Managed to get it working using completions API with ollama. I can say that gpt-oss:20b is a very good agentic model, and does an excellent job at instruction following.
Things I've learnt;
- Ensure tools are explicitly listed in system prompt (I also include schema as it reduces calls with invalid parameters, but up to you)
- Ensure tool_choice is set to 'required' or 'auto'
- Do NOT require a response format of JSON - this will cause gpt-oss to fail to respond with any content
I also stripped out reasoning tokens and put them inside tags, as I'm not sure Ollama handles them internally given they're not in OpenAi interface definition yet
Key snippets from working code...
// define Typescript types to keep linter happy
export type LLMConfig = Partial<ChatCompletionCreateParamsBase> & {options?: Record<string, any>}; // patch-in ollama field to type
export type ChatCompletionMessageReasoning = ChatCompletionMessage & {reasoning: string}; // patch-in missing reasoning field to type
export interface AgentTool { // just a simple type to keep definition and execution together - nothing special (uses Zod to infer and enforce arguments between the definition and execution)
definition: FunctionDefinition;
execute: (args: Record<string, any>) => Promise<string>;
}
// setup client config from environment vars
dotenv.config()
const openAiCfg = {
apiKey: `${process.env['OPENAI_API_KEY']}`,
baseURL: `${process.env['OPENAI_BASE_URL'] || 'https://api.openai.com/v1'}`,
project: `${process.env['OPENAI_PROJECT']}`,
organization: `${process.env['OPENAI_ORGANIZATION']}`,
}
if (!openAiCfg.apiKey) {
throw new Error('OPENAI_API_KEY is not set in the environment variables.');
}
const client = new OpenAI(openAiCfg);
...
// just to show option-setting works - may cause you to run out of VRAM so be careful with max_ctx
const getModelOptions = (model: string): LLMConfig => {
switch (model) {
case "gpt-5":
case "gpt-5-mini":
case "gpt-5-nano":
return {options: {num_ctx: 400000}, max_tokens: 128000 };
case 'gpt-oss:20b':
case 'gpt-oss:120b':
case 'gpt-oss:latest':
return {options: {num_ctx: 131072}, max_tokens: 131072 };
default:
return {options: {num_ctx: 8192}, max_tokens: 4096 }; // Default to a reasonable value
}
}
...
tools: AgentTool[] = []; // stubbed for this snippet, would normally contain AgentTool instances
const history: ChatCompletionMessageParam[] = []

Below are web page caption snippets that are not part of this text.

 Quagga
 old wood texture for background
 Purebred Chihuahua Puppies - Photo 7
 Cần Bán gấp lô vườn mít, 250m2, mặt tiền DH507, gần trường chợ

const config: LLMConfig = {
model: 'gpt-oss:20b' // dont have an H100 to try 120b :(
}
...
const modelOptions = getModelOptions(config.model);
const response = await client.chat.completions.create({
max_tokens: modelOptions.max_tokens,
options: modelOptions.options,
temperature: 0.7, // haven't tried playing with this to see if it impacts tool calling
...config, // dynamic per-completion configuration tailoring (can override anything higher in list)
response_format: { // enforce text response
type: 'text',
},
stream: false, // force off to simplify testing
messages: history,
tools: tools.map(tool => agentTooltoFunction(tool.definition)), // this mapping just wraps each tool definition with {type: "function".... etc}
tool_choice: tools.length ? 'required' : undefined, // 'required' or 'auto' both work (required forces at least one tool call)
});
let message = (response.choices[0].message) as ChatCompletionMessageReasoning;
// patch reasoning between <think></think> tags TODO: Figure out if this is needed
message.content = message.reasoning
? `<think>${message.reasoning}</think>${message.content}`
: message
history.push(message);
Is it working with Kilo code or Roo Code?